Technical skills are overrated in software development.
I’m not saying that technical skills are unnecessary (that would be silly). But companies that focus purely on technical prowess when recruiting are setting themselves up to fail. Why? Because it’s better to hire for attitude and train for skills than vice versa.
Technical tests don’t assess:
- Motivation to learn new skills
- Communication skills
- Collaboration skills
- Ability to assimilate feedback
- Willingness to accept responsibility
- Negotiation skills
- Coping skills (dealing with failure and conflict)
- Leadership skills
These soft skills give a much better prediction of how successful a developer will be within a company. They’re also essential skills for developers. Fixating on technical skills is a sure way to lose employees.
According to a study by Leadership IQ, 89% of new hires fail for attitudinal reasons. This is not cost-effective. Developers with the wrong attitude have a dramatic effect on team morale and productivity. Emotions, like colds, are contagious.
Successful developers have an awareness of latest trends in technology and possibly some relevant experience in using them. But they don’t automatically jump onto the latest bandwagon.
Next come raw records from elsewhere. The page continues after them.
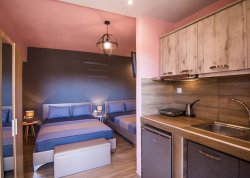 Leto 2025, letovanje - Nea Vrasna - Apartmani:  Vila Zanet Palace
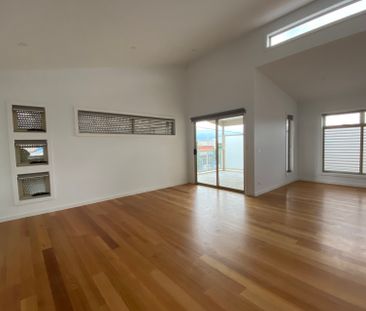 Three-Bedroom Townhouse in Pime Reservoir Location! - Photo 3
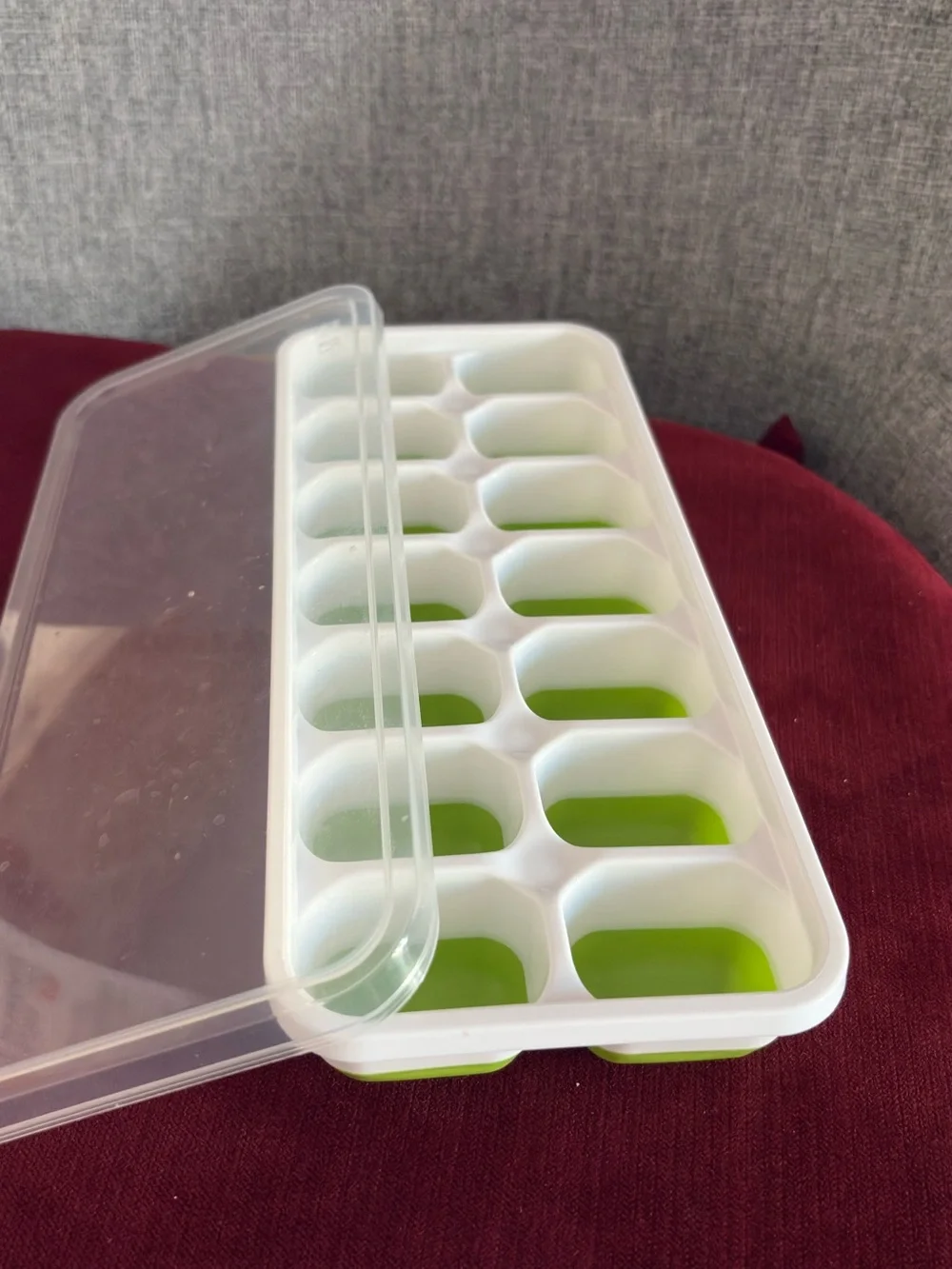 Set of 2 Ice Cubes Mold With Cover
Core technical skills don’t change (well not nearly as rapidly anyway). The ability to write clean code, unit tests, understand design patterns and software principles should come as part of the standard software developer package.
It’s much easier to learn these core technical skills than it is to learn soft skills (see here, here, here and here). Technical skills can also be transferred through pair programming. Assuming the developer has the right attitude of course.
But we’re missing something here
Technical and soft skills alone don’t make a developer successful. There’s a third piece to the jigsaw: commercial awareness.
Commercial Awareness: A Platinum Skill
Commercial awareness is the ability to understand what makes a business or organisation successful. Developers should be able to answer these 10 questions about their company:
- How are the products sold and distributed?
- How are the services supplied to markets?
- Who are the customers / clients?
- What competitors exist?
- How does the business / organisation make money?
- What are the biggest problems facing the software industry today?
- What big changes have there been recently in the software industry?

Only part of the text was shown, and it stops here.